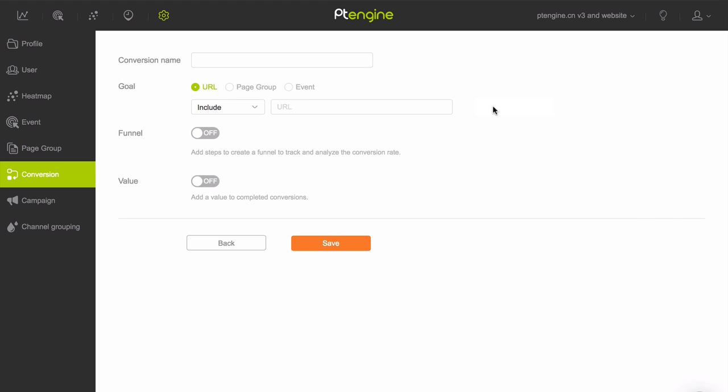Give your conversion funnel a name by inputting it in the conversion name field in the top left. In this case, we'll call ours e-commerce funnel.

==

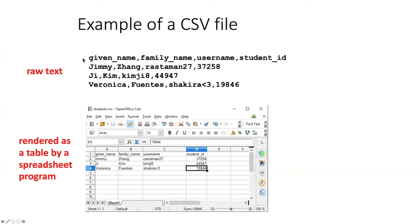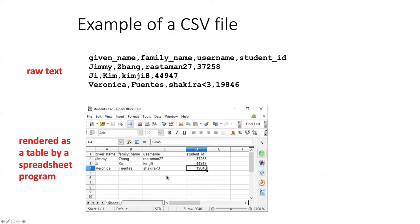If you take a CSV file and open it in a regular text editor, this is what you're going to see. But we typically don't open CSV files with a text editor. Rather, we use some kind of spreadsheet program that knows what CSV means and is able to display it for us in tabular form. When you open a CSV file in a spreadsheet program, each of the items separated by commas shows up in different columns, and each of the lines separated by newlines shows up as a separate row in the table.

==

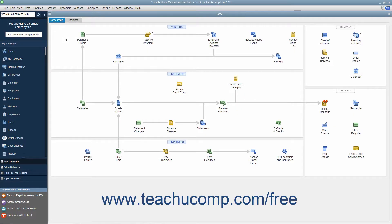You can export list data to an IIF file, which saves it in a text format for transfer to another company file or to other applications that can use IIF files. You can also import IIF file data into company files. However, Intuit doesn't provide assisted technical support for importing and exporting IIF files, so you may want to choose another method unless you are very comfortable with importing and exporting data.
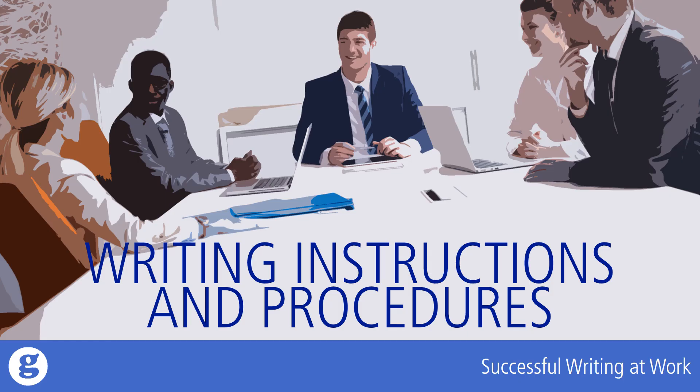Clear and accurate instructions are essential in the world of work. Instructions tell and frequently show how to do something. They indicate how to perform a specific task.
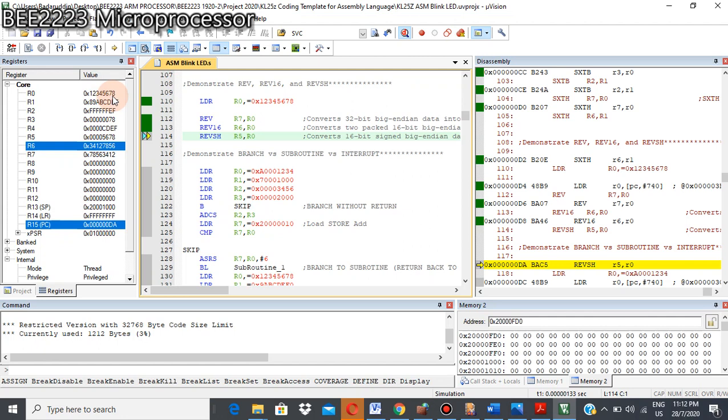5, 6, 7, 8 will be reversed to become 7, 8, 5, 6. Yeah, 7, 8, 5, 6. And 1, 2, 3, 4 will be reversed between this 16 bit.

== What you are asked to do ==
Skip every picture, and restate word for word only the lines above from the line containing "You can export" to the line containing "Clear and accurate", both of them included.

== Written response ==
You can export list data to an IIF file, which saves it in a text format for transfer to another company file or to other applications that can use IIF files. You can also import IIF file data into company files. However, Intuit doesn't provide assisted technical support for importing and exporting IIF files, so you may want to choose another method unless you are very comfortable with importing and exporting data.
Clear and accurate instructions are essential in the world of work. Instructions tell and frequently show how to do something. They indicate how to perform a specific task.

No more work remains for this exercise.